Specifically, the cost map is constructed as the sum of local target reward and obstacle penalty:

m＝λm_goal-m_obs (2)

wherein m is_obsLocal obstacle map being the probability of an obstacle, m_goalIs a binary target map, wherein, in the binary target map, the value of the pixel of the local target point is equal to 1, the others are 0, and lambda is a hyper-parameter related to the reward coefficient; and if the nearest effective target point on the reference path is positioned outside the 2d local cost map window, replacing the effective target point with a projection point from the effective target point to a map frame.

It should be noted that the cost map can also be determined by other ways:

inputting a given 2d local cost map image and a given mobile robot speed into a preset neural network model, and obtaining a cost map through learning of the preset neural network model; wherein, the preset neural network model is a neural network model omitting convolution layers.

Note that the cost map can also be learned within the neural network by adding an additional convolutional layer in front of the network. However, in our empirical experiments we observed that the inference precision differed very little. Two possible reasons may be: the cost map calculated from equation (2) does represent the essence of the cost function of the demonstrator, and the cost function is finally learned and adapted to the cost map.
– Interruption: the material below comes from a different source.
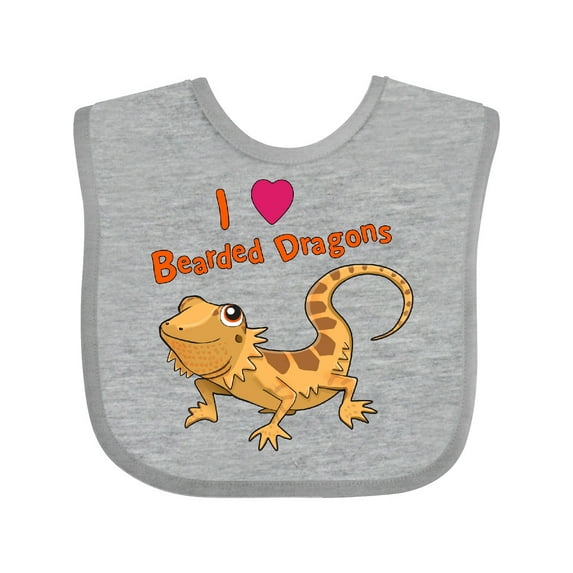 Inktastic I Love Bearded Dragons Boys or Girls Baby Bib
In this work, we removed the convolutional layer of cost learning, aiming to reduce model redundancy.

Given a set of exemplary action instructions

wherein the content of the first and second substances,

C. Neural network model, representing f by using the neural network model_θ(m_i,u'_i)

wherein s and r correspond to the position and cost of the pixel in the cost map, respectively, and p (s', r/s, u) represents the transition probability; k represents the number of cycles; gamma represents an attenuation factor, and the value of gamma is 0-1; v. of_k+1(s) represents the value at position s obtained after k +1 iterations of the mobile robot; v. of_k(s') represents the velocity of the mobile robot at the kth cycle; representing the value of the mobile robot at the position s' after k iterations; u represents an action command executed by the mobile robot; s' represents the position of a pixel in the 2d local cost map after the mobile robot executes the action command u at the position s;

determining a high-level planning feature from the region of interest, such as a Q value in fig. 4, from the high-level planning features extracted by formula (4);

advanced planning features from the area of interest are fused with the speed of the mobile robot and the fused results are provided to a fully connected layer that can generate smooth continuous motion commands to mimic expected behavior and avoid obstacles in local motion planning.
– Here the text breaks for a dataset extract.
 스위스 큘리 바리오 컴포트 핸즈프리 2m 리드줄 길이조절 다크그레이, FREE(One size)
Here, the region of interest is a partial region on the 2d local cost map.

Fig. 4 shows a schematic diagram of a locally planned deep neural network, in fig. 4, the parameters in the convolutional layer represent filter size, depth and stride. The parameters in the fully connected layers indicate the size of the output unit. In the experiment, the loop number K can be selected as 36, and how to select the loop number K is related to the size of the local cost map image.

D. Demonstrator based on optimization

Since the main goal of the proposed method is to learn the optimal strategy, the natural choice of the demonstrator is an optimization-based planner provided with a large amount of computational resources. In the present invention, we use a set of developed local planners as demonstrator, which tries to minimize the cost at each sampling time, specifically, the demonstrator determines the motion command for the mobile robot according to the formulas (5a), (5b), (5c), wherein the formulas (5b) and (5c) are constraint conditions;

x_k+1＝h(x_k,u),k＝0,...,N-1 (5b)

is the maximum probability of obstruction, w, of access being allowed₁，w₂，w₃Is a cost weight parameter. To simplify the calculation, the control action is assumed to be unchanged within the prediction range.

During the robot navigation, the solution according to equations (5a), (5b), (5c) needs to be repeated at each sampling time. However, the term m_obs(x_k) And g (x)_kU) may involve non-linearities that make the problem difficult to solve effectively. Conventional approaches use a sampling-based solver, which often compromises an approximate sub-optimal solution. At each planning cycle, some potential trajectories within the prediction horizon are first generated and then evaluated according to the associated cost values. The quality of the resulting solution is therefore of great rangeDepending on the number and differences of candidate trajectories considered. For behavioral demonstration purposes, we employ a large sample planner to provide a near-optimal reference strategy.

E. Data acquisition

As previously mentioned, an open challenge of mock learning is a state assignment mismatch between the training data set and the learned strategy. To effectively solve this problem and to cover as completely as possible the observations that may occur, we collected training samples from two sources. The first is a normal experimental trajectory demonstrated by an expert, which is expected to be encountered most of the time by a trained planner. The second is a random cost map generated artificially to feed dangerous situations that the demonstrator rarely encounters. The random cost map generation process is as follows: some binary obstacle clusters are first randomly generated and then gaussian blurred for probability transformation of the obstacle map. Subsequently, the local target points are randomly drawn on the map. Finally, we convert the cost map into a robot coordination system so that the poses of the robots in all data sets are the same, which is considered to be beneficial to sample efficiency.

The invention develops a simulated learning algorithm, realizes the real-time approximate optimal local motion planning, and simultaneously keeps better safety and universality for the application of the mobile robot. Unlike end-to-end modeling, we developed a local planning strategy based on a preprocessed 2d local cost map as input. The local cost map may be constructed from local target points and obstacle maps containing multiple frames of information received from sensor devices such as lidar, sonar and depth cameras. At each sample time, our local motion planning model embedded in the value iterative network produces an action instruction through feed forward reasoning, which is computationally efficient and enables planning-based reasoning. To train a robust model, we use a combination of real-world local obstacle maps and randomly generated artificial maps collected from demonstration experiments, which not only speeds up the data collection process, but also complements dangerous observation samples that are rarely encountered in demonstration. A brief comparison of the methods presented herein and existing learning methods is summarized in table 1.

Table 1: comparison of local movement planning methods between local 2d mimic learning, existing end-to-end mimic learning, and traditional optimization-based methods.

The main contributions of the present application include at least:

1. the local motion planning is expressed as a simulated learning problem based on the pre-processed 2d local cost map image. This form of learning may incorporate Value Iteration Networks (VINs) and is common to a wide variety of sensor devices.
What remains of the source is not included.